Source records:
○ ○ ○ ○

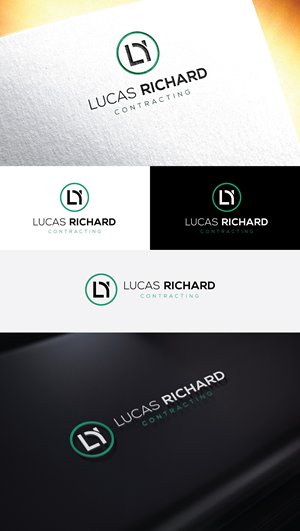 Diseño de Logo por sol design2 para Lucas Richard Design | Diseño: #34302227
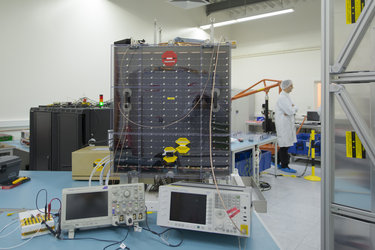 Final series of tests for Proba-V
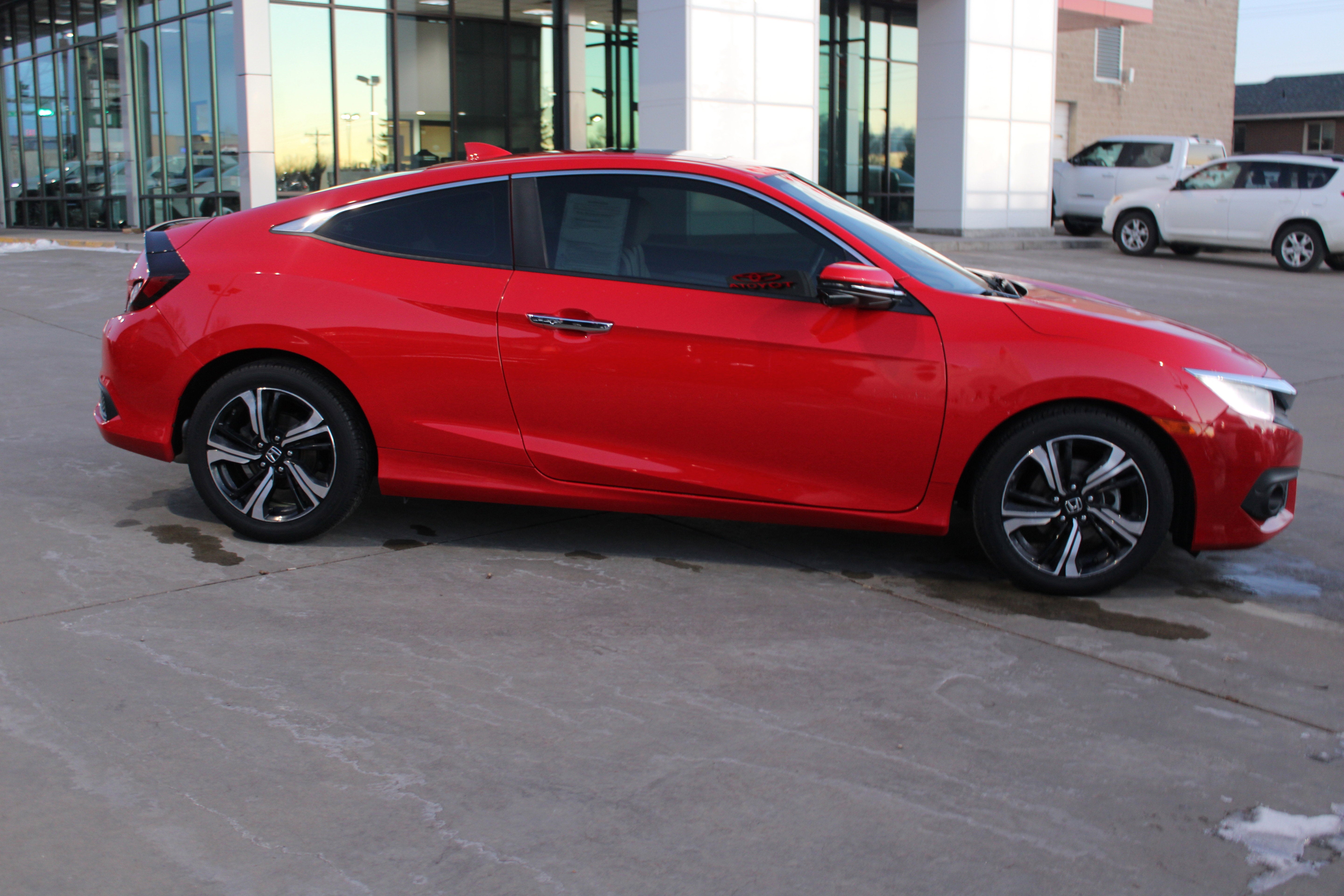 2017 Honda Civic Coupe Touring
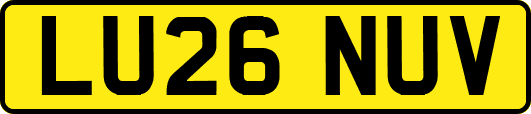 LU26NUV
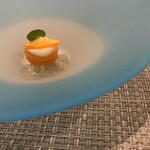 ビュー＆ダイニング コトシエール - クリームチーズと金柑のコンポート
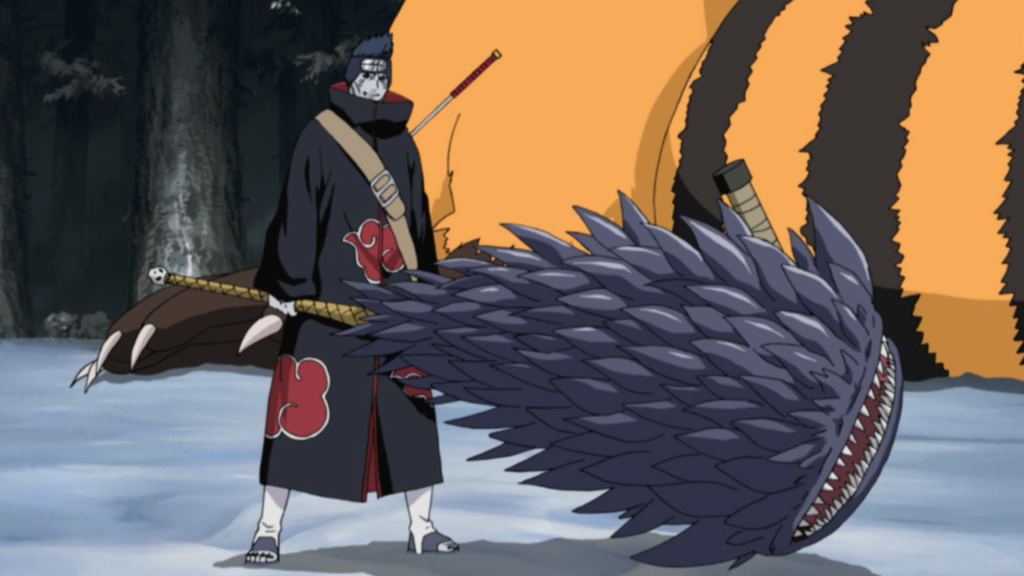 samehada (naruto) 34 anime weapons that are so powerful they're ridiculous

○ ○ ○ ○

Task — Your response should consist solely of the lines from the line with "ビュー＆ダイニング コトシエール - クリームチーズと金柑のコンポート" through the last line of the entries above, printed exactly and without pictures.

Answer space —
 ビュー＆ダイニング コトシエール - クリームチーズと金柑のコンポート
 samehada (naruto) 34 anime weapons that are so powerful they're ridiculous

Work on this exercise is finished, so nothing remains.